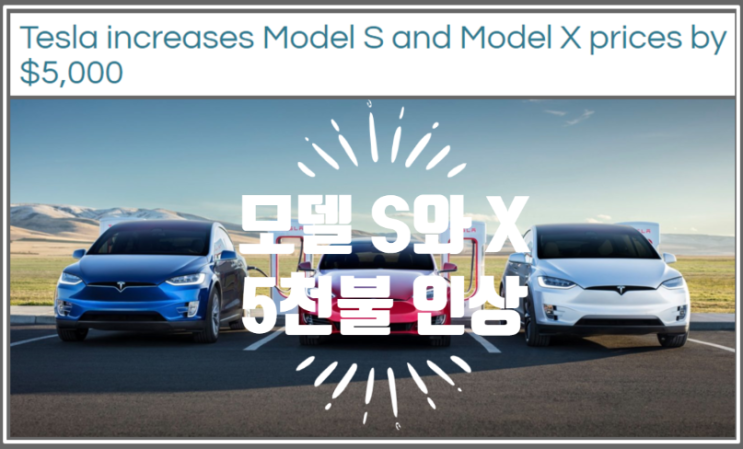  테슬라 가격인상 놀랍지 않지만 모델S와 X는 5000불을 올려버리네요 (feat. 500불아님)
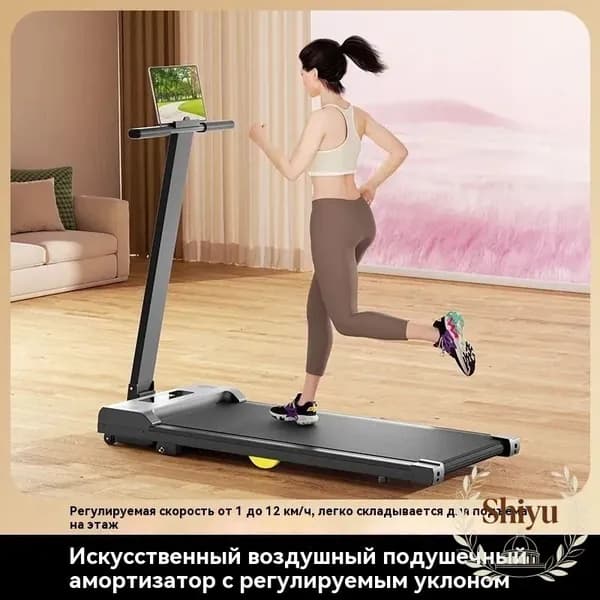 Беговая дорожка nalYQywh-185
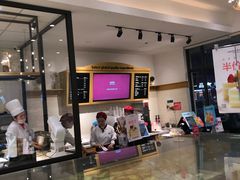 -味多美(民星路店)
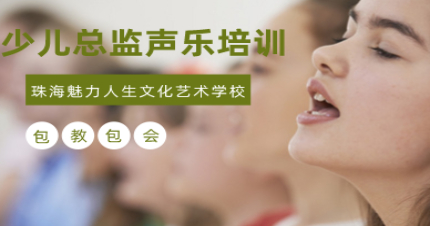 珠海少儿总监声乐培训班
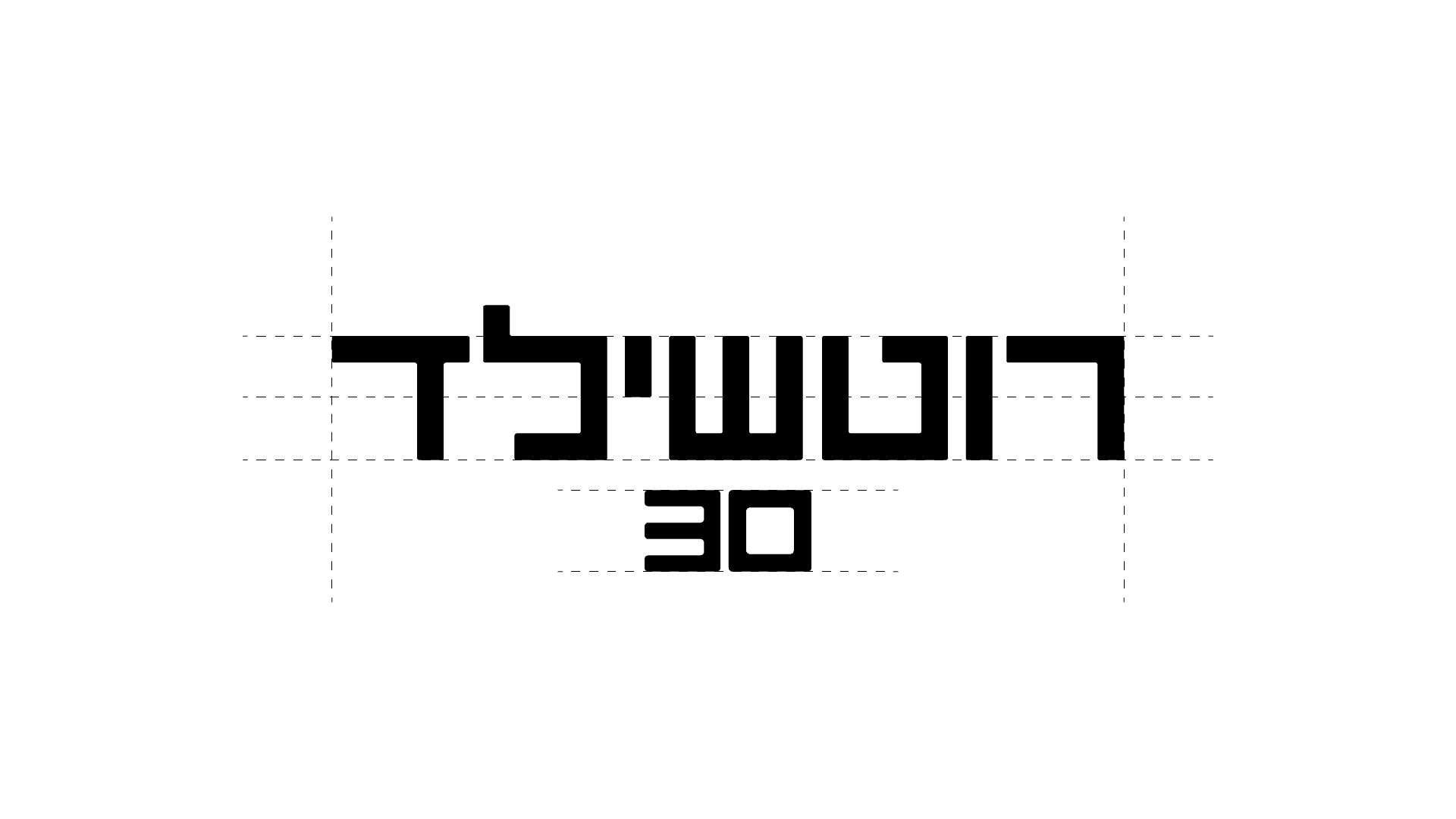 Rothchild30 - Image 1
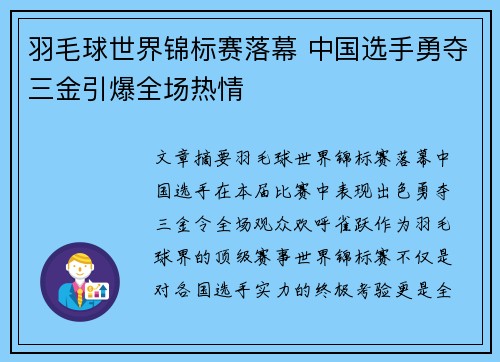 羽毛球世界锦标赛落幕 中国选手勇夺三金引爆全场热情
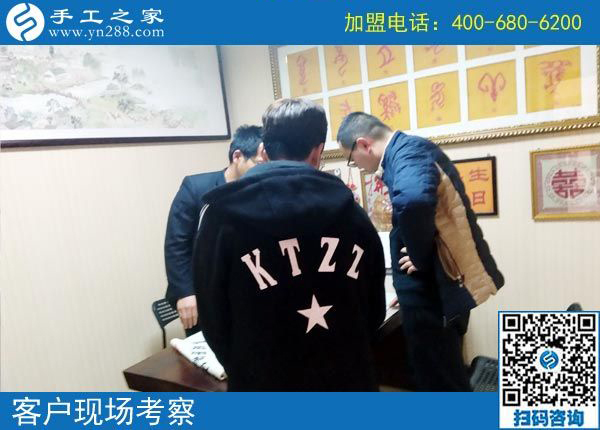 2月27日，想在家做手工加工掙錢，做這個沒有押金的手工活最好！手工之家接待考察加工客戶剪影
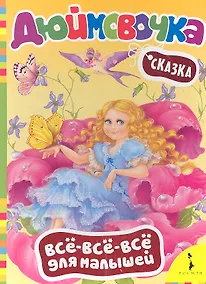 Купить Дюймовочка — Фото №1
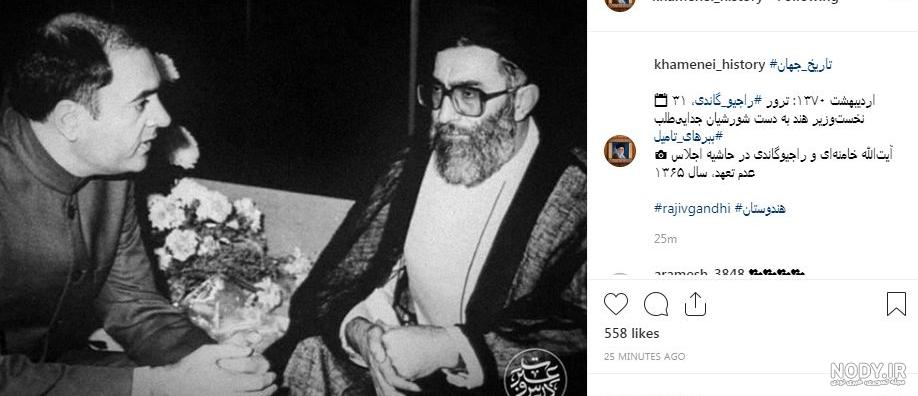 لبیک یا امام (بازآفرینی عکس) :: |بصیرگراف|
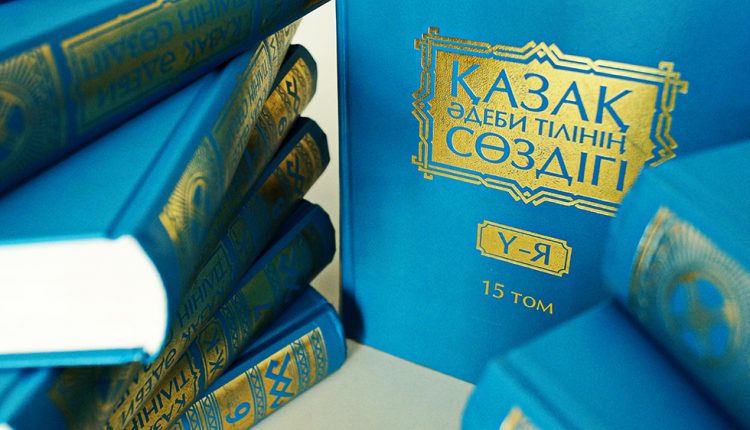 Президент: Мемлекеттік тілді білу – Қазақстанның әрбір азаматының парызы
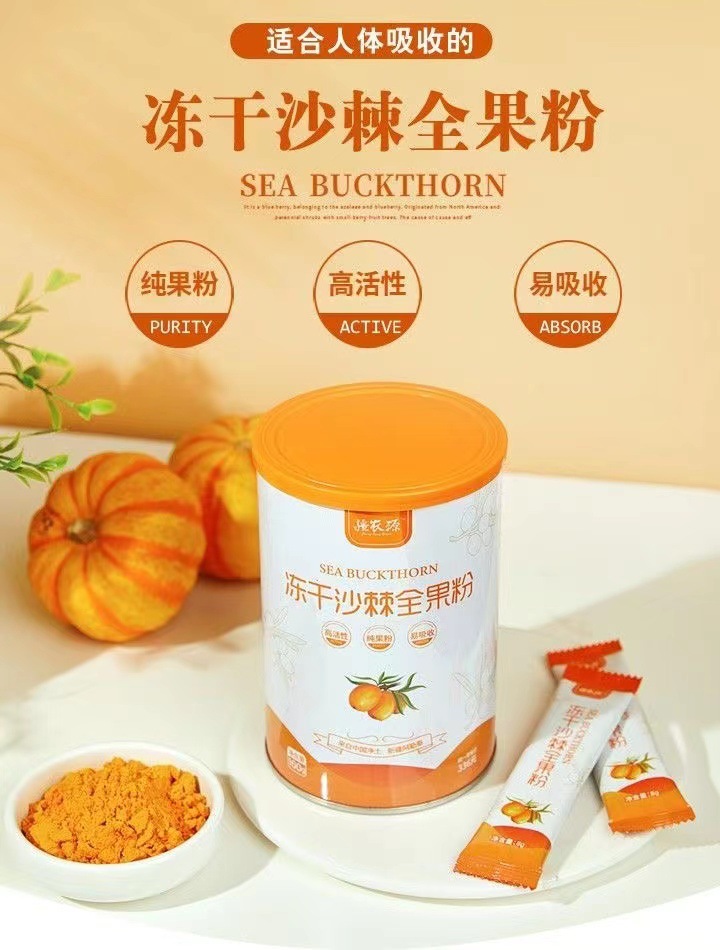 6罐整件 疆农源沙棘冻干粉阿勒泰冻干粉含果油无添加野生果粉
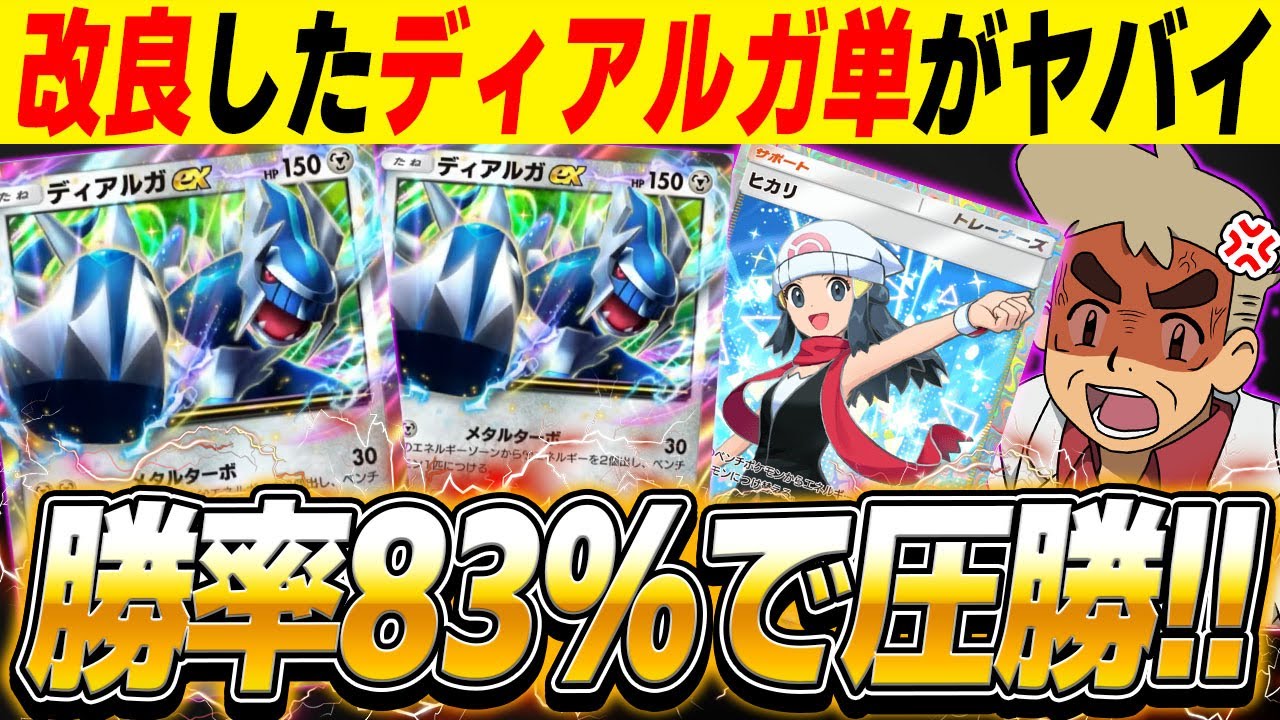 【ポケポケ】🎊勝率83%の最強デッキ🎊ディアルガ単デッキを改良したら圧勝しまくりましたｗｗ【口の悪いオーキド博士】【柊みゅう】#ポケモン #ポケポケ #ポケモンカード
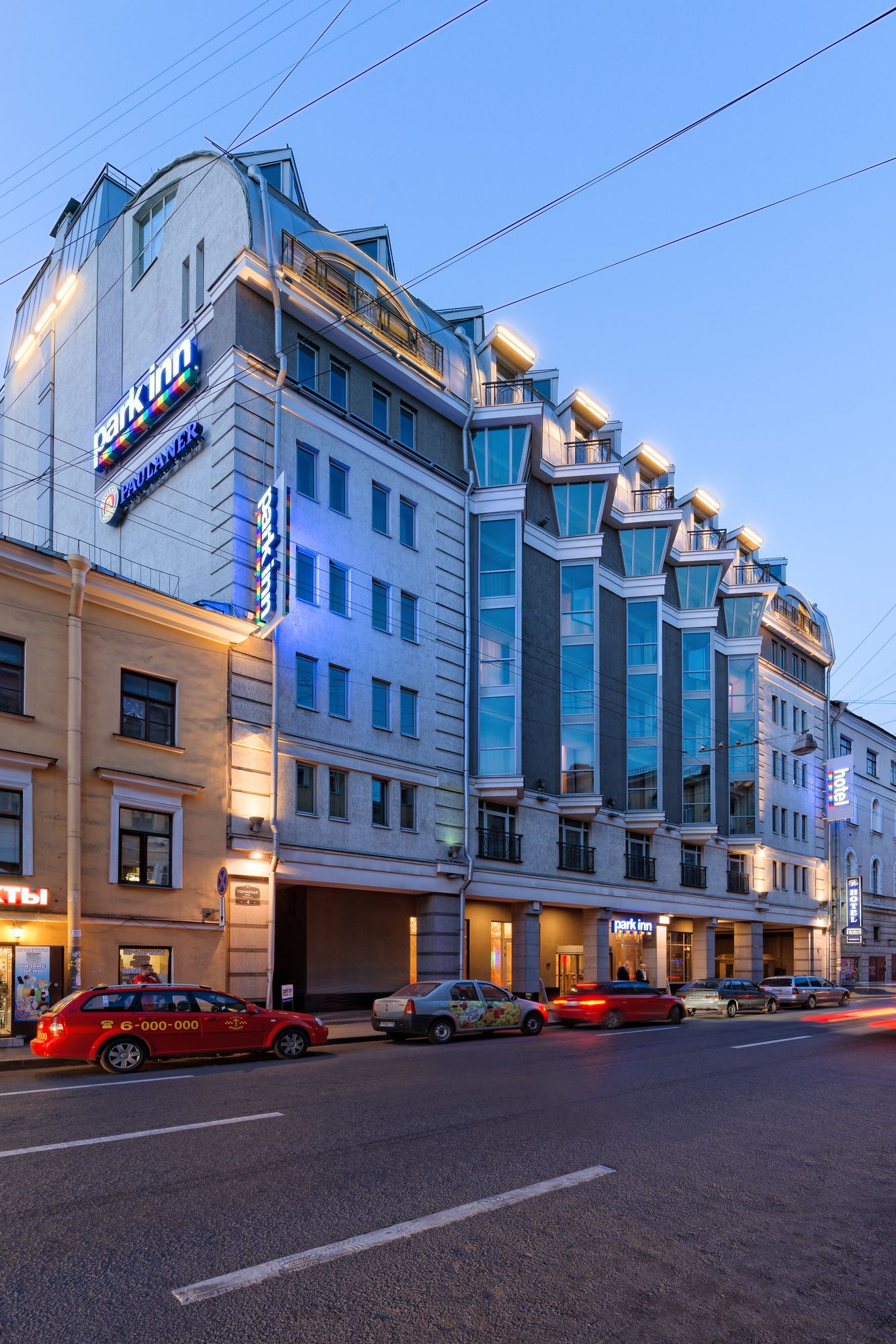 Cosmos Saint-Petersburg Nevsky Prospect Hotel, a member of Radisson Individuals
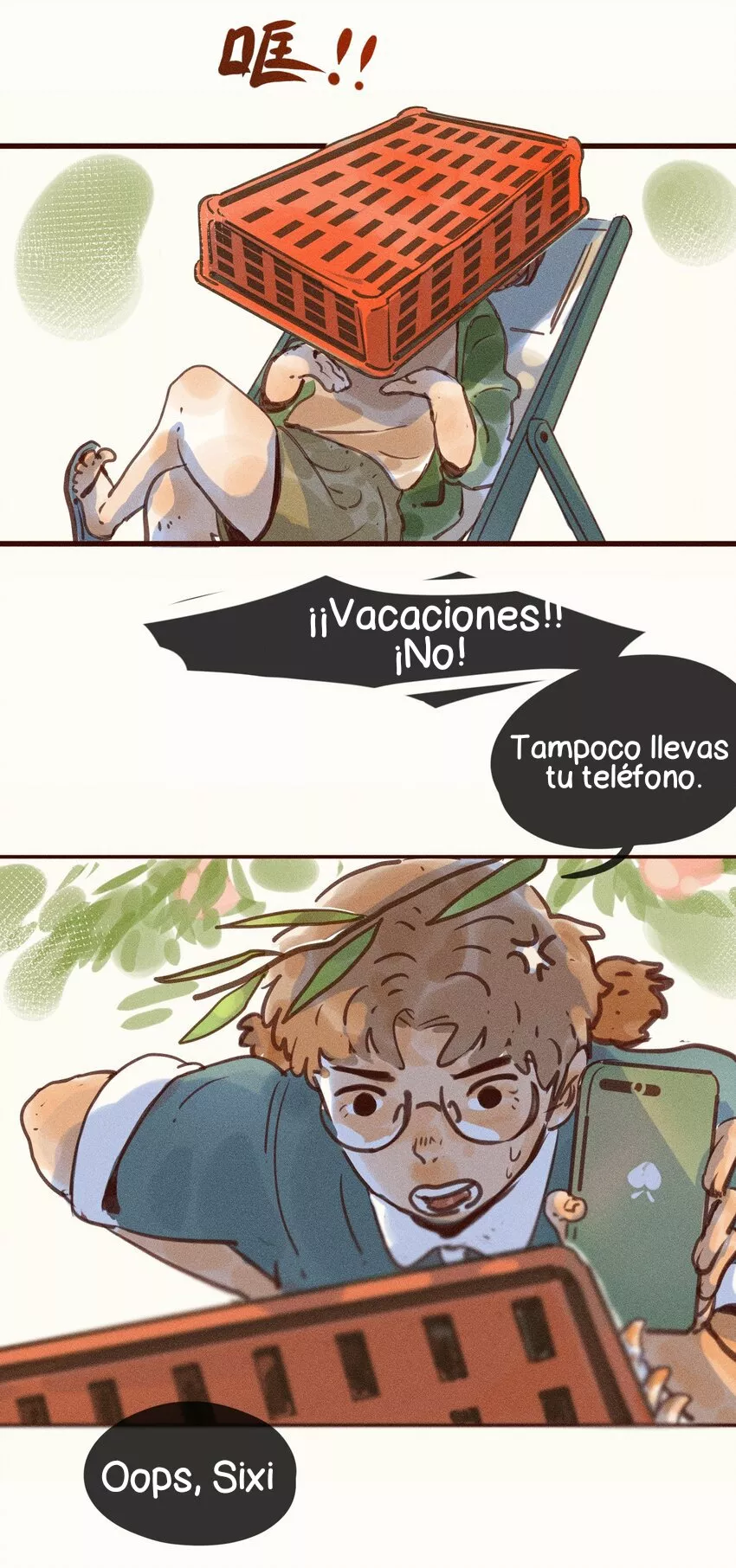 Página 11 del Manga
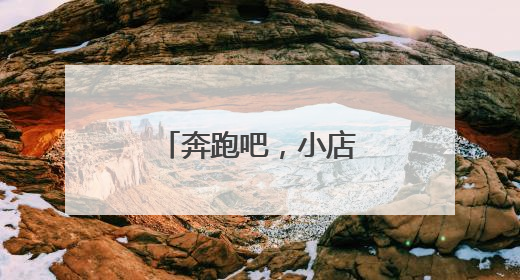 奔跑吧，小店㉝丨一个来“报恩”的里脊饼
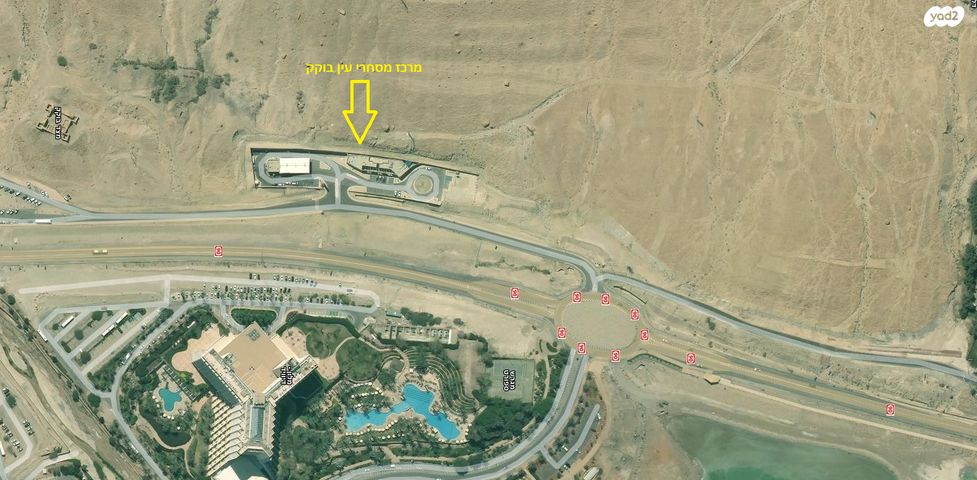 חנויות/ שטח מסחרי, ים המלח בתי מלון, ים המלח בתי מלון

● **Task instructions**
Starting at the line that contains "6罐整件 疆农源沙棘冻干粉阿勒泰冻干粉含果油无添加野生果粉", restate each line verbatim through the final line of the listing, skipping all pictures.

● **Result of this exercise**
 6罐整件 疆农源沙棘冻干粉阿勒泰冻干粉含果油无添加野生果粉
 【ポケポケ】🎊勝率83%の最強デッキ🎊ディアルガ単デッキを改良したら圧勝しまくりましたｗｗ【口の悪いオーキド博士】【柊みゅう】#ポケモン #ポケポケ #ポケモンカード
 Cosmos Saint-Petersburg Nevsky Prospect Hotel, a member of Radisson Individuals
 Página 11 del Manga
 奔跑吧，小店㉝丨一个来“报恩”的里脊饼
 חנויות/ שטח מסחרי, ים המלח בתי מלון, ים המלח בתי מלון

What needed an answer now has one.